De La Soul chronology
| 3 Feet High and Rising (1989) | De La Soul Is Dead (1991) | Buhloone Mindstate (1993) |

Singles from De La Soul Is Dead
- "Ring Ring Ring (Ha Ha Hey)" Released: May 27, 1991; "A Roller Skating Jam Named 'Saturdays'" Released: July 23, 1991; "Millie Pulled a Pistol on Santa"/"Keepin' the Faith" Released: 1991;

= De La Soul Is Dead =

De La Soul Is Dead is the second studio album by American hip hop group De La Soul, released on May 14, 1991. The album was produced by Prince Paul, whose work on 3 Feet High and Rising was highly praised by music critics. The album was one of the first to receive a five-mic rating in the hip-hop magazine The Source, and it was also selected as one of The Sources "100 Best Albums" in 1998. The album's cover refers to the death of the "D.A.I.S.Y." (Da Inner Sound, Y'all) age, or a distancing from several cultures including hippies and mainstream hip hop.

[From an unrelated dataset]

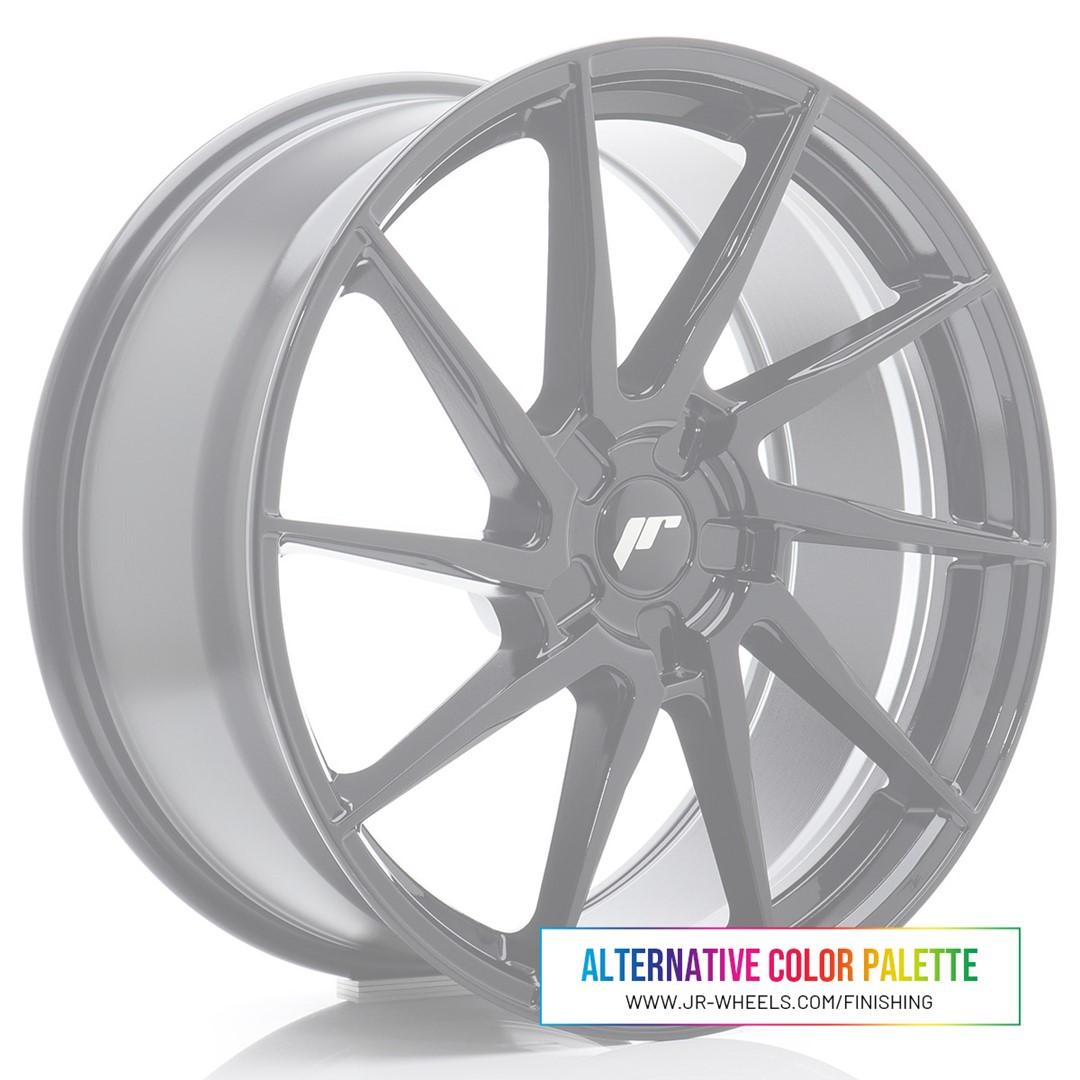 JR Wheels JR36 aluminiumsfelg i Custom, 20"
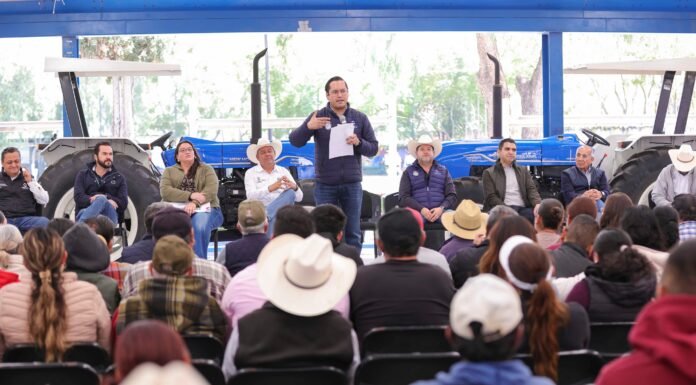 Chepe Guerrero fortalece el campo con más de 4 mil servicios veterinarios gratuitos y la mecanización del sector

In 2020, Rolling Stone placed the album at number 228 on their "500 Greatest Albums of All Time" list.

==Music and lyrics==
De La Soul Is Dead departed from the image that the group had fostered on their previous album, 3 Feet High and Rising. While De La Soul Is Dead retains the humorous approach of its predecessor, its humor is darker, featuring more biting parodies and a more cynical outlook. The album also attracted attention for its discussion of weightier topics, especially the portrayal of drug addiction in "My Brother's a Basehead" and the story of sexual abuse in "Millie Pulled a Pistol on Santa". Lead single "Ring Ring Ring (Ha Ha Hey)" has been seen as emblematic of the album's prevailing mood: the lyrics, where the group complains about being harassed by aspiring artists trying to ride their coattails, showcases the album's wearier attitude, while the production counterbalances that cynicism with a "playful post-disco groove". Other tracks on De La Soul Is Dead display a more fully lighthearted attitude, such as the summery, disco-influenced "A Roller Skating Jam Named 'Saturdays', and the back-and-forth banter of "Bitties in the BK Lounge".

Reflecting on the album and its goals, producer Prince Paul has stated:
We were trying to prove we weren't just a one-album act. And there was a lot of disillusionment with the music industry. When I listen to it now, the raps sound—shall we say—bitter?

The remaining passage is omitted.